Ball went 7-of-10 from beyond the arc against the Lakers on Monday, finishing the contest with 27 points. He’s now shooting 44.4% from deep on 7.1 attempts per game and ranks sixth in three-pointers made (44).
But while the improved shooting form and confidence probably looked new to LeBron James as he sat in street clothes, the other components of Ball’s game almost assuredly did not. The Bulls guard racked up eight assists, throwing long outlet passes for easy transition buckets and feeding perfectly-timed entries to Derrick Jones Jr. as soon as he gained position in the post. Ball also pulled down seven rebounds.
The advanced numbers show the totality of Ball’s game and the impact it has on his team. Chicago outscored the Lakers by 25 points with Ball on the floor, and he finished the contest with the single-highest net rating and box plus-minus.
Ball’s raw numbers (12.9 points/5.4 rebounds/4.6 assists) might not seem overwhelming. However, his skill set and improvements from the perimeter contribute to winning for the Bulls. He’s a much new player from the guy who wore the Purple and Gold.

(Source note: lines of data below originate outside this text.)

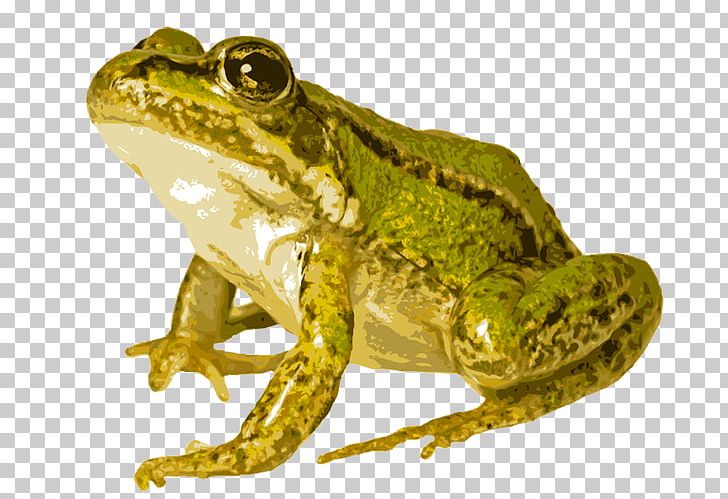 American Bullfrog Edible Frog Common Frog Pool Frog PNG, Clipart, American Bullfrog, Amphibian, Awareness, Basics, Bullfrog Free PNG Download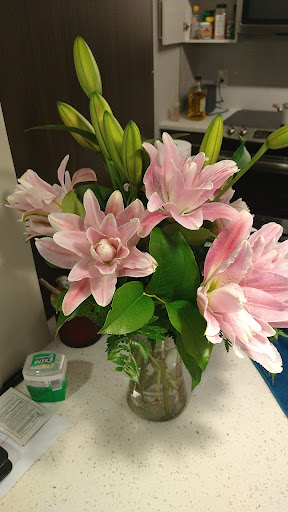 Florist «Chantilly Flowers», reviews and photos, 14514 Lee Rd E, Chantilly, VA 20151, USA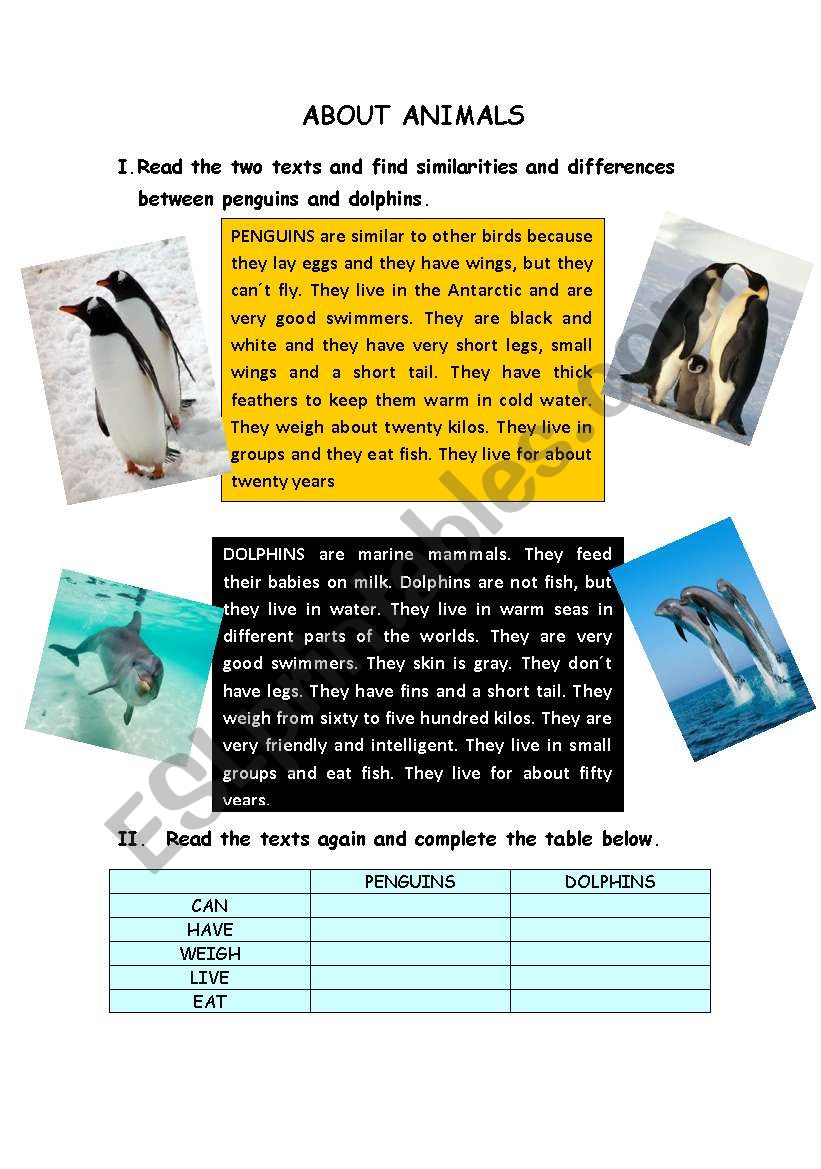 About Animals (Reading activity)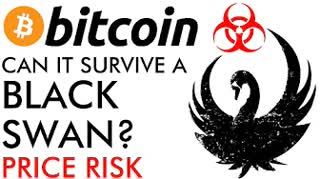 Bitcoin Can It Survive A Black Swan - Price Collapse Risk Explained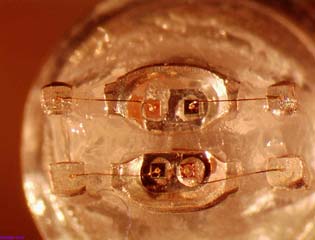 LEDs Microscope View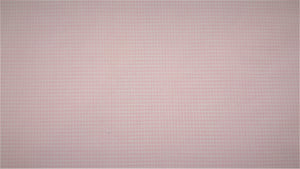 1/16th" Pink Gingham Fabric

Ball keeps making strides every season
Some players arrived at stardom more quickly than others. It took Luka Doncic and Trae Young little time to realize their potential. Lonzo Ball simply needed time to work out the kinks.
Ball’s evolution is apparent in his year-over-year improvement as a perimeter shooter. His three-point rate is up by close to 14% from his rookie season. However, efficiency is not the only consideration here.
The 24-year-old is gradually making the most of his volume. Ball took 5.7 threes per contest in his rookie season, though that number fell to 4.9 in his sophomore campaign. The attempts went back up after the Lakers traded Ball to the New Orleans Pelicans, however. He even took a career-high 8.3 triples per game last season.
Although Lonzo is technically taking fewer threes on average, he’s also playing most of his minutes with scorers like DeMar DeRozan and Zach LaVine, with the latter continuing to score at a high level despite playing through injury. Ball’s usage rate (17.5%) is the second-lowest of his career.
Ball is capitalizing on his opportunities. He’s also showing he can play alongside other star players.
Ball is the perfect point guard for DeMar DeRozan and Zach LaVine
LaVine and DeRozan made their affinity for Ball known during preseason, lauding Lonzo’s ability to see the floor and get everyone involved.
Ball’s selfless style is what helps to make the Bulls go. He constantly hunts assists, especially in transition. The eldest Ball brother also shows no hesitation in clearing out in the half-court and allowing both DeRozan and LaVine to isolate.
The difference this year is that defenses have to respect Ball, which is tough when so much of the focus goes to the other scorers. He can knock down jumpers coming off ball screens and routinely drills catch-and-shoot looks, making it difficult for opponents to help off him. Additionally, his abilities as an on-ball defender who can get deflections and steals make a massive difference for Chicago’s team defense.
In many ways, this sweet-shooting, selfless playmaker version of Ball is precisely what LeBron James and the Lakers could use. Instead, the former LA draftee is becoming an All-Star-caliber player in the Windy City.